Work instruction:
From the line below that contains "5bdrm Bungalow in" to the line that contains "3600 6th Avenue, Parkersburg, WV 26101", repeat every line exactly, both ends included, and nothing else.

Input:
---------------
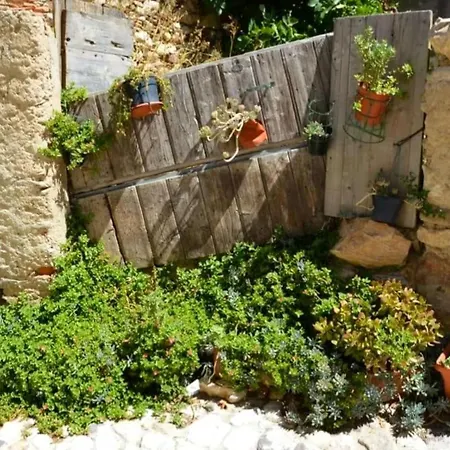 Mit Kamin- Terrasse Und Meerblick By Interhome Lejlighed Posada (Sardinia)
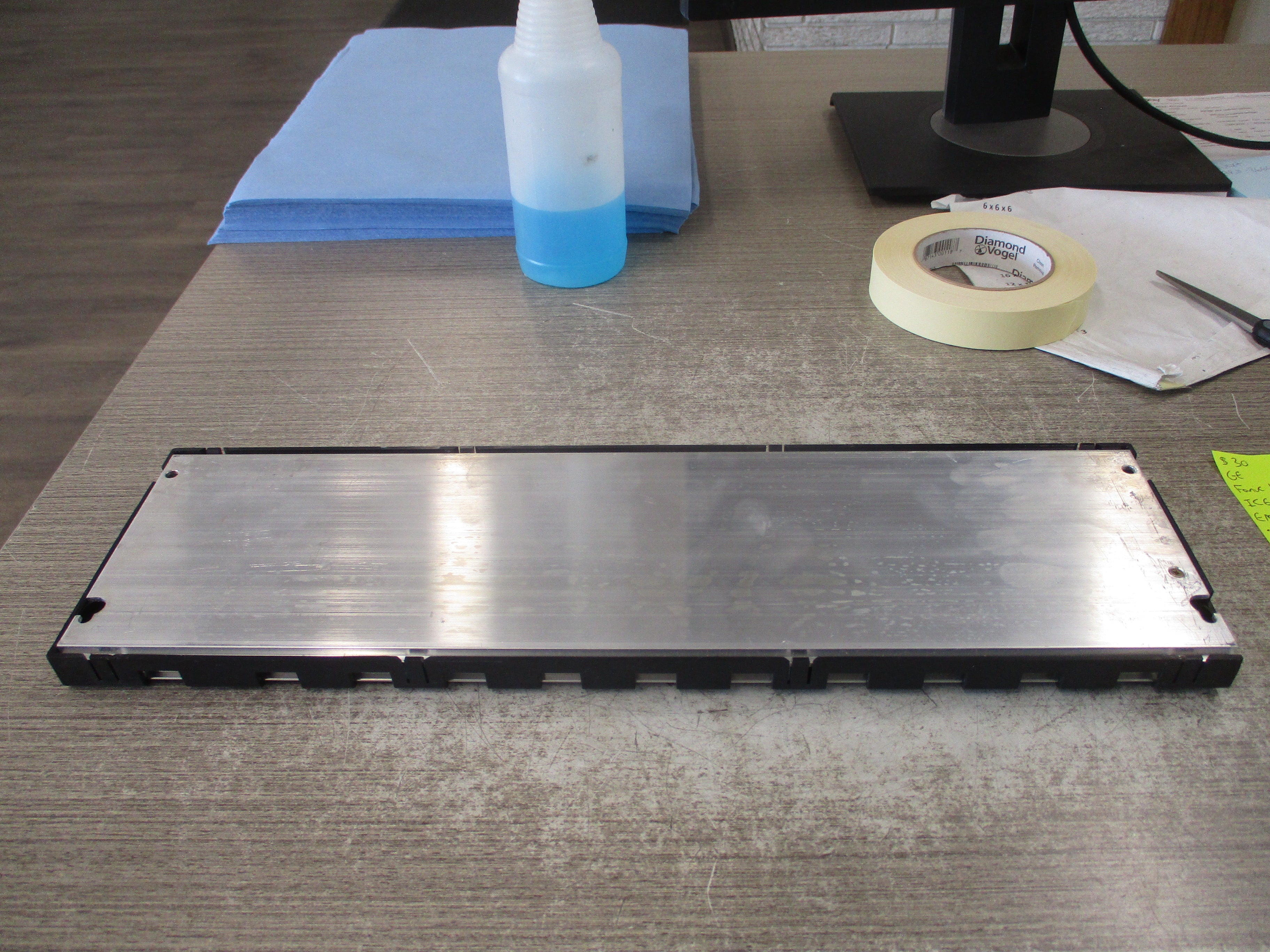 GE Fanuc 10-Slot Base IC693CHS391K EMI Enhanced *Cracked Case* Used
---------------
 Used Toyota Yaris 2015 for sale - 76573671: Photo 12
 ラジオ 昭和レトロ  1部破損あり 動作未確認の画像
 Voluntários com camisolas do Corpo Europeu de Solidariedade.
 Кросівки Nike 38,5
---------------
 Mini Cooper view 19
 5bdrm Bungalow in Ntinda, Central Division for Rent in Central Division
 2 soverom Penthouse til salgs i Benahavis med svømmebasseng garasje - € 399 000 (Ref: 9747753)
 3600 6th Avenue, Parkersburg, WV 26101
---------------
Result of the exercise:
 5bdrm Bungalow in Ntinda, Central Division for Rent in Central Division
 2 soverom Penthouse til salgs i Benahavis med svømmebasseng garasje - € 399 000 (Ref: 9747753)
 3600 6th Avenue, Parkersburg, WV 26101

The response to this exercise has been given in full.